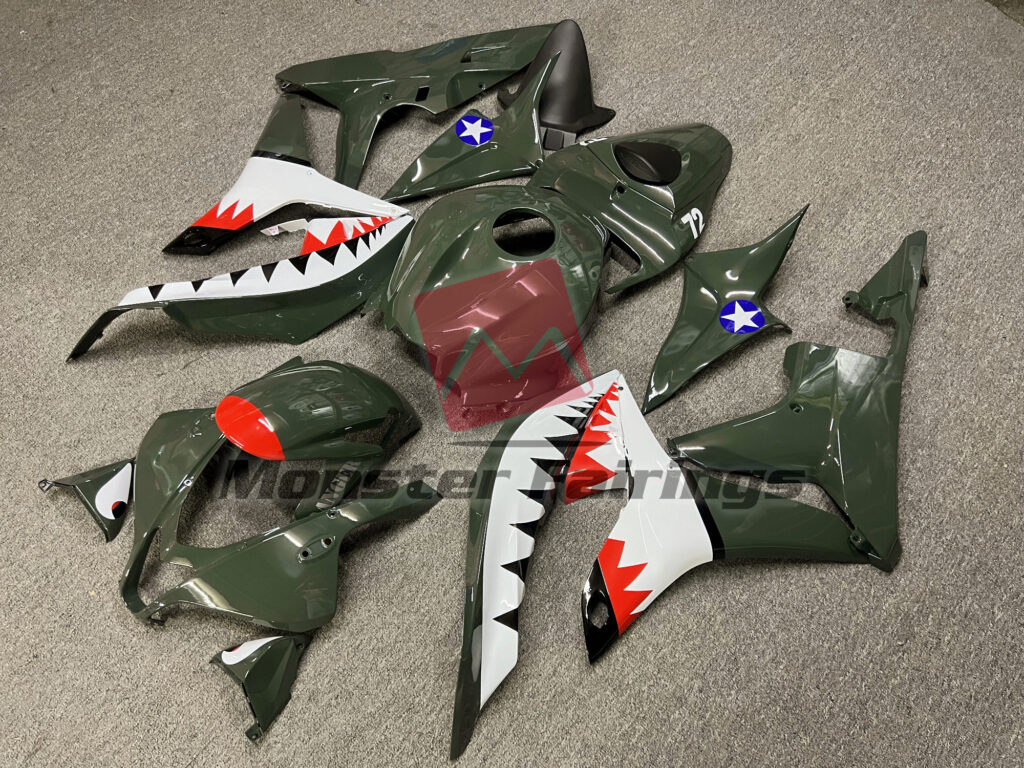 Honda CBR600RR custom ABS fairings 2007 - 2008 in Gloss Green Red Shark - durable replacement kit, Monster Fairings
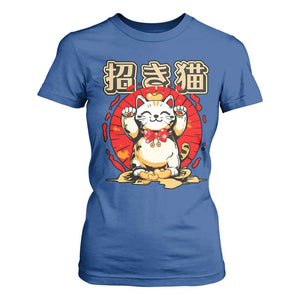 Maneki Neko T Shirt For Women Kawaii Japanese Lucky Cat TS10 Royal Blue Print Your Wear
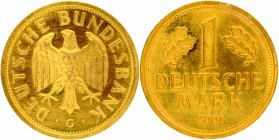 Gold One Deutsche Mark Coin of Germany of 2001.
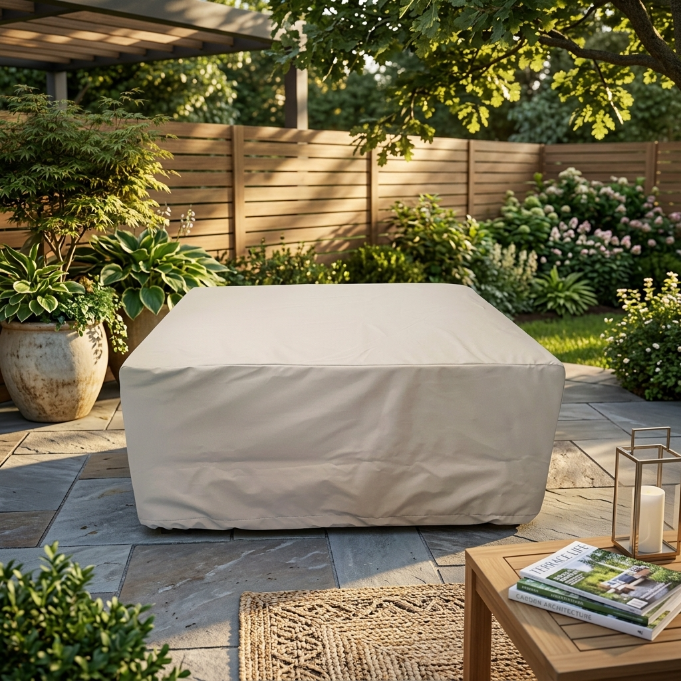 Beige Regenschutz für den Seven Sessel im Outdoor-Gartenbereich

---

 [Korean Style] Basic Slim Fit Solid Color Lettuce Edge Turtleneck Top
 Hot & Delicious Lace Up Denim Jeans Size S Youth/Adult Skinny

* * *

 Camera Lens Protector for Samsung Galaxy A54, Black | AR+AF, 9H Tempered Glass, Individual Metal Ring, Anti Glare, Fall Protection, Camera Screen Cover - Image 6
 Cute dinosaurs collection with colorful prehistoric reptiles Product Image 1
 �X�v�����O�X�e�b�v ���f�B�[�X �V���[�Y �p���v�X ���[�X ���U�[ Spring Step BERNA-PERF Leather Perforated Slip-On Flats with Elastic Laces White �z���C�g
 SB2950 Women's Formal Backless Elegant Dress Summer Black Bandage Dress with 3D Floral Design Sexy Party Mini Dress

▶ _Aim of the exercise_:
In the data above, find the line containing "Maneki Neko T" and the line containing "Beige Regenschutz für". Repeat those two lines and everything between them exactly, minus the pictures.

▶ _Reply_:
 Maneki Neko T Shirt For Women Kawaii Japanese Lucky Cat TS10 Royal Blue Print Your Wear
 Gold One Deutsche Mark Coin of Germany of 2001.
 Beige Regenschutz für den Seven Sessel im Outdoor-Gartenbereich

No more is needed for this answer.